ACTIVITY - Start at the line below containing "Onvis Matter Over" and stop at the line containing "Touch Screen for". Repeat every line of that stretch exactly, and nothing outside it.

STORED DATA -
*** Begin section ***

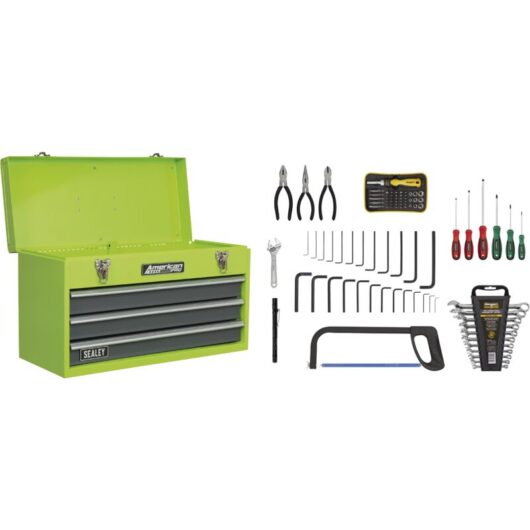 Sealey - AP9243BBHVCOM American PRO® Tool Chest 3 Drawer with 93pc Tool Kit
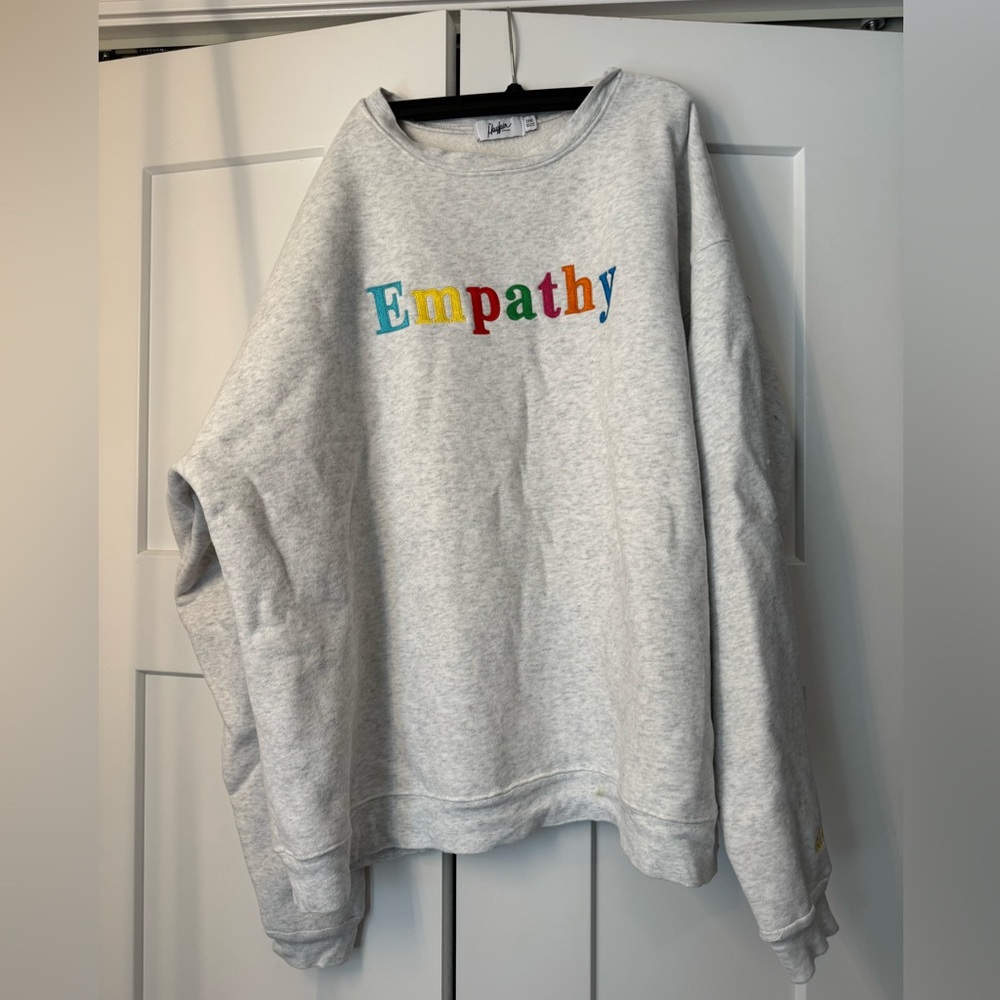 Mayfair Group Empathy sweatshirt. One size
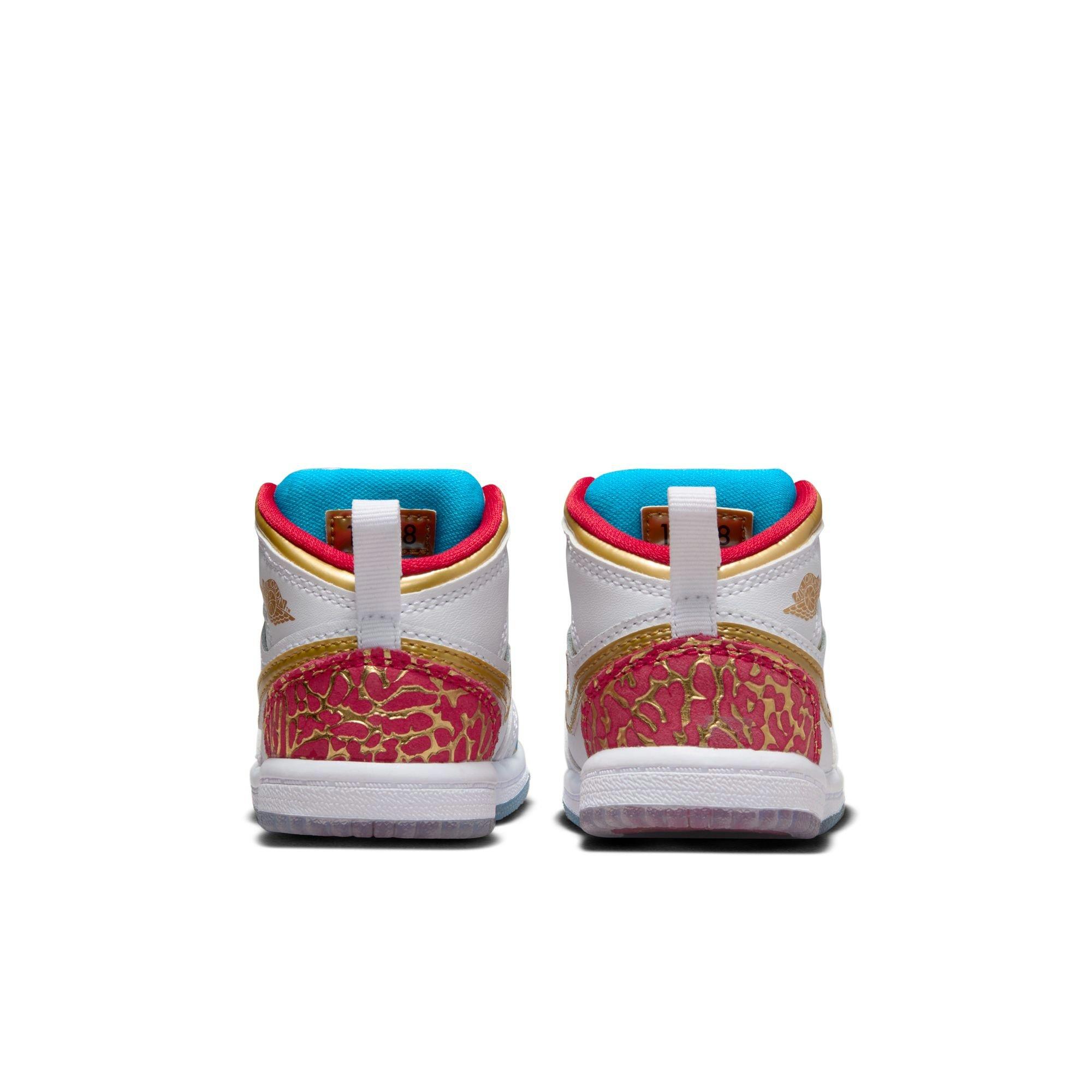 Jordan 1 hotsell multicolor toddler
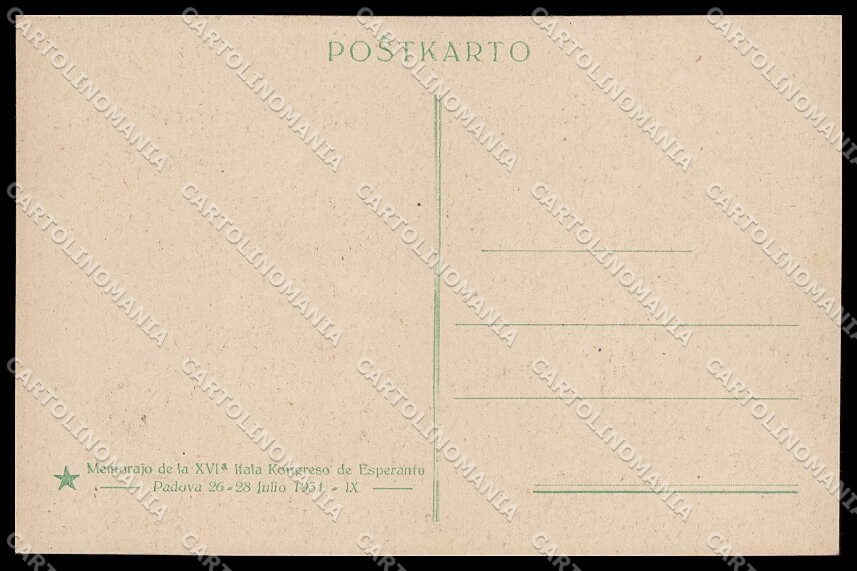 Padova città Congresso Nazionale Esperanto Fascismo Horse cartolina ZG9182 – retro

*** End section ***
*** Begin section ***

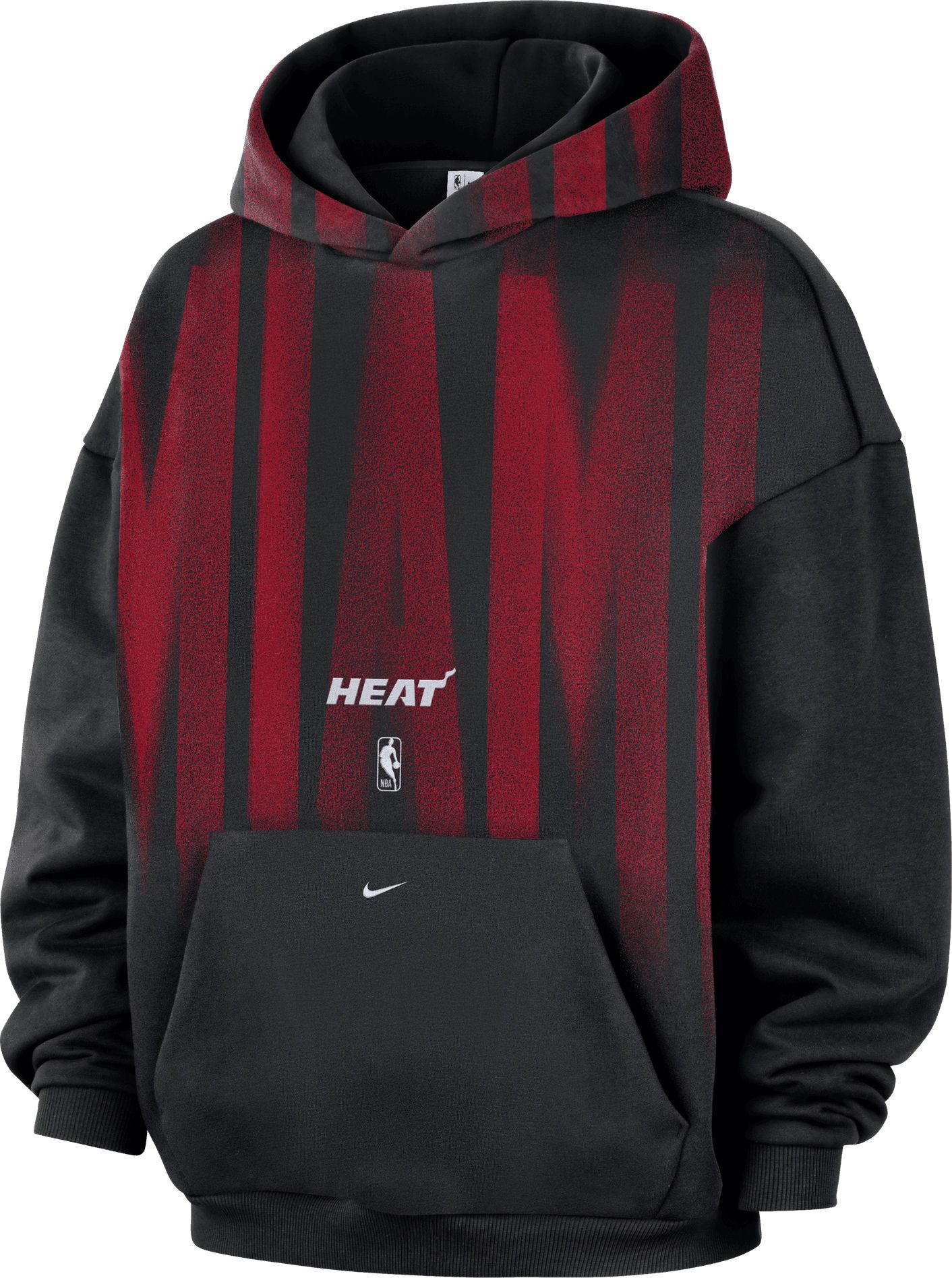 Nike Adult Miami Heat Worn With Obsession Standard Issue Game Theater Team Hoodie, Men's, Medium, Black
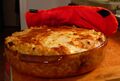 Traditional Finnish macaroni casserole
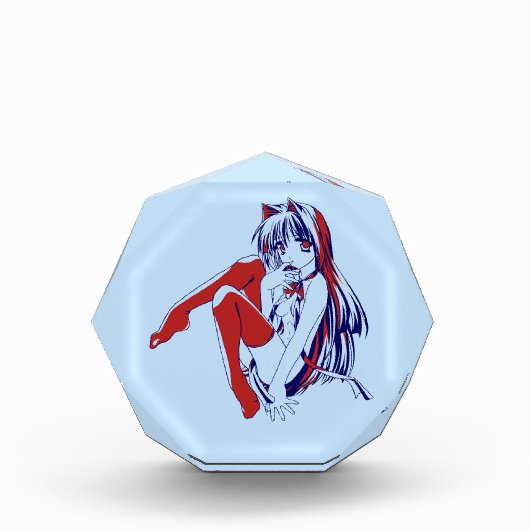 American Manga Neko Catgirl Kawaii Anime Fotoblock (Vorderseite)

*** End section ***
*** Begin section ***

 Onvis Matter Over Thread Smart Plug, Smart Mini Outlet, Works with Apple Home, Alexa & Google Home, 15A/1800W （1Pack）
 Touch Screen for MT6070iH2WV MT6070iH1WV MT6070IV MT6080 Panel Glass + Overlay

*** End section ***

WRITTEN SOLUTION -
 Onvis Matter Over Thread Smart Plug, Smart Mini Outlet, Works with Apple Home, Alexa & Google Home, 15A/1800W （1Pack）
 Touch Screen for MT6070iH2WV MT6070iH1WV MT6070IV MT6080 Panel Glass + Overlay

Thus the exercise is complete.